3. Arbitration Agreement Choi (defined in the agreement as “Employee”) and the “COMPANY” additionally signed a “Mutual Arbitration Agreement Form.” The agreement defines COMPANY both as “CJ 4D Plex Co., Ltd. (its predecessors, successors, parents, subsidiaries and affiliated companies, if applicable)” and as “CJ 4D Plex Co., Ltd. and related entities, all current and former officers, employees, directors, agents, shareholders, partners, benefit plan, benefit plan sponsors, fiduciaries, administrators or affiliates of any of the above; and all successors and assigns of the above.”

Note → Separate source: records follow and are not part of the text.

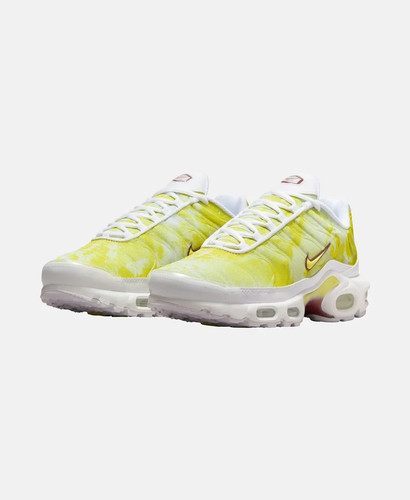 Basket nike air max - basket, plus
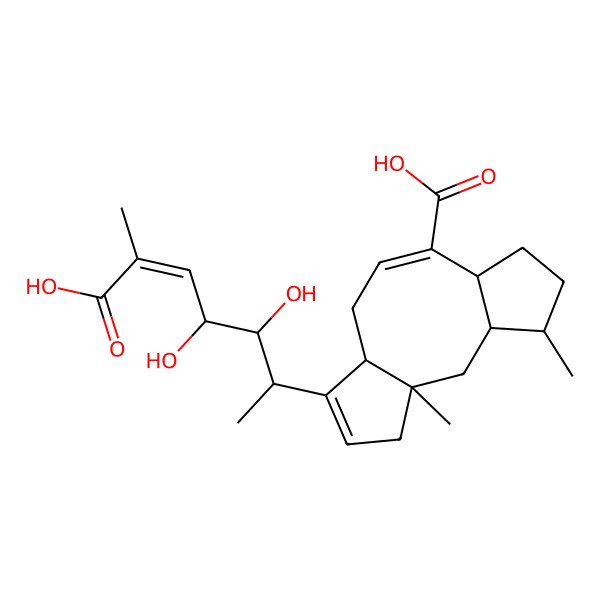 2D Structure of CID 139587466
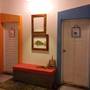 Горящие туры в отель Na-Rak-O Resort - 3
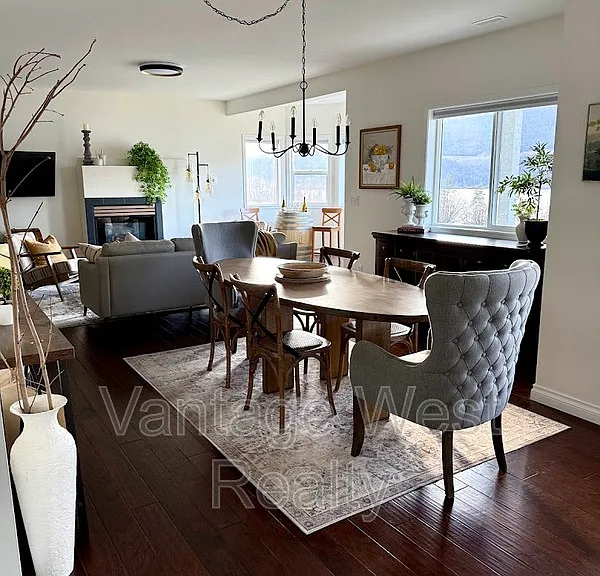 14420 Oyama Rd #2 — Photo 4
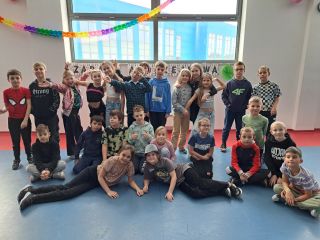 20231129_112227_resized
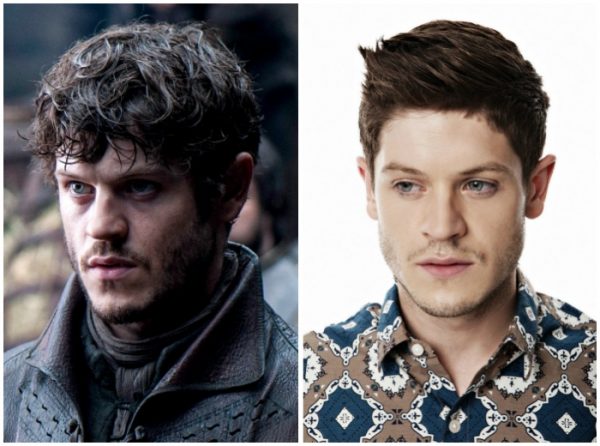 10-Ramsay-Bolton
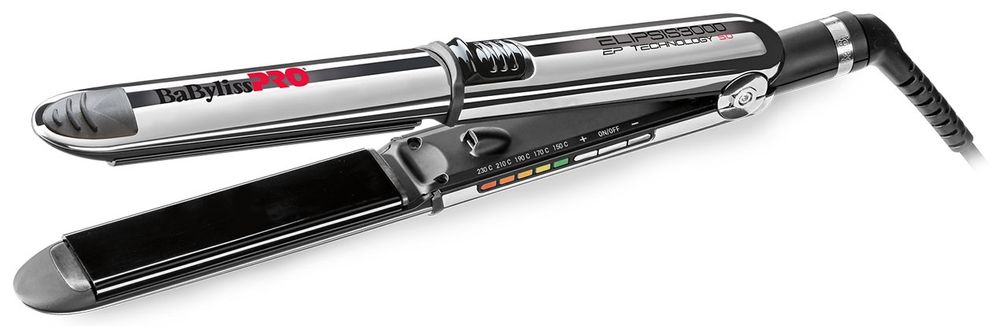 Babyliss pro 3000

4 Section 1 of the agreement provides that “Employee and The COMPANY hereby agree to arbitrate any and all claims covered by this Agreement and that such arbitration shall be the sole and exclusive remedy for resolving any and all such claims or disputes.” Section 3 lists “Claims Covered by this Agreement” and provides that “Except as provided in paragraph ‘4’, claims and disputes covered by this Agreement include any and all claims by Employee against The COMPANY and all claims that The COMPANY may have against Employee, including, without limitation, those arising under:” “Any and all other federal[,] state or local law, ordinance or regulation based on tort or common law,” “Any public policy,” and “Any other controversy or claim arising out of Employee’s employment, termination of Employee’s employment and Employee’s separation from The COMPANY including any dispute related to any disciplinary action or decision of The COMPANY affecting the Employee’s position, status, compensation or benefits.” Section 4 lists “Claims Not Covered by this Agreement,” exempting claims “brought and processed by a governmental administrative agency,” claims for workers’ compensation or unemployment, and any claims “for benefits under The COMPANY plan which provides its own arbitration procedure.” Section 5 specifies “[t]he arbitration will be conducted before a single arbitrator selected in accordance with the rules regarding employment-related disputes set forth by JAMS (Judicial Arbitration and Mediation Services, Inc.) as may be amended from time to time, with the following additional provisions: The arbitrator will be an attorney or retired judge experienced in employment disputes and will be selected either

5 by mutual agreement, or if the parties are unable to mutually agree by the rules set forth by JAMS and the parties may submit posthearing briefs.